Thanks again Joe. With respect I think there is one important consideration missing from the introduction. That is have a clearly stated goal for the base period training period.

There is no one size fits all regards this. e.g For some people/circumstances this may be to minimise fitness lost from peak, for others it may be to hold aerobic capacity steady while improving technical skills and for other it may be to see some significant increases in FTP.

This goal then sets the focus for the subsequent training strategy.


My case is an example. 3 last years seen very differing goals and resultant training.

2008 I got to a high level of fitness and goal 2008-9 base was to simply maintain that and build from it. Following a very intense 2009 2009-10 base I took things easy and was content to lose some fitness while working on TT position skills.

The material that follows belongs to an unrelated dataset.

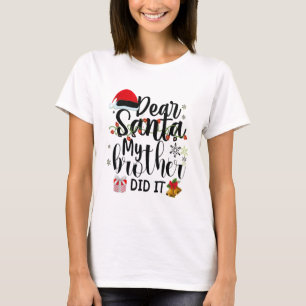 Dear Santa My Brother Did It Funny Christmas Pajam T-Shirt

Having taken things easy 2010 my goal for 2011 is to get back to peak so my 2010-11 base will be all about moving FTP from a relatively low current level to my 2009 2 hour CP.


Joe Friel

Hi Martin--No question about it: You're right. Thanks.

Joe Friel

Morgan--Yes, I think that's fine. I generally have triathletes do more running and less cycling (relative to Build period) in Base. For one thing, weather can make cycling pretty miserable in the winter for some.

Rob

Again, great post as usual Joe.

Regarding the example weeks from the “Cyclist’s Training Bible”. It seems you tend to favor more shorter workouts per week rather than fewer longer workouts in a week to make up the weekly volume. Is that true and if so what is the rational? I tend to need 2 complete days off from exercise a week but your example weeks all seem to call for 6 or 7 workout days a week.

Joe Friel

Rob--Many aspects of training are quite unique to the individual. Recover and rest is one of those areas. It's ok to take 2 days off if you need it. I don't start with volume and then build a training week. I first create workouts for a given week that the athlete needs to progress toward the goal event and then see what this has done to weekly volume. If I feel it is too high or too low ('low' seldom happens) then I tweak it a bit.

Jesse Kieffer

Joe thanks for the suggestion to post. I feel that the previous comments and questions are starting to help me a little bit, but here is my situation: I am trying to wrap up my 2011 annual training plan (first time using the Triathlete's Training Bible). I am down to determining daily workouts based on the daily allotted time in my plan. I have read on your blog the suggested rough numbers of 50% bike, 30% run and 20% swim. I have also seen a general recommendation for at least two workouts per week for bike, run, swim and some form of strength training as a general guideline. I feel like I missed in the book or am missing a way to clearly understand how to match up my allotted daily hours with workouts based on my limiters, etc. Is this a difficult thing to do the first time around? I assume the process of customization of an ATP for me is where all the learning will take place. I just want to start off with a reasonable plan that I am confident in. Any suggestions, additional resources or re-directs to previous posts on this topic would be welcome. Thanks for your time.

Joe Friel

Jesse--50(B)/30(R)/20(S) is roughly the starting place for distributing your training time. You may then shift training time toward your weaker sport. Realize that the bike is the key to success in triathlon (in my opinion) so be wary of taking a great deal of time away from it.

Jesse Kieffer

Joe--Thank you. I am truly impressed with your attentiveness to triathlete’s seeking your guidance. Thank you for your willingness to make time to share your experience. Best wishes.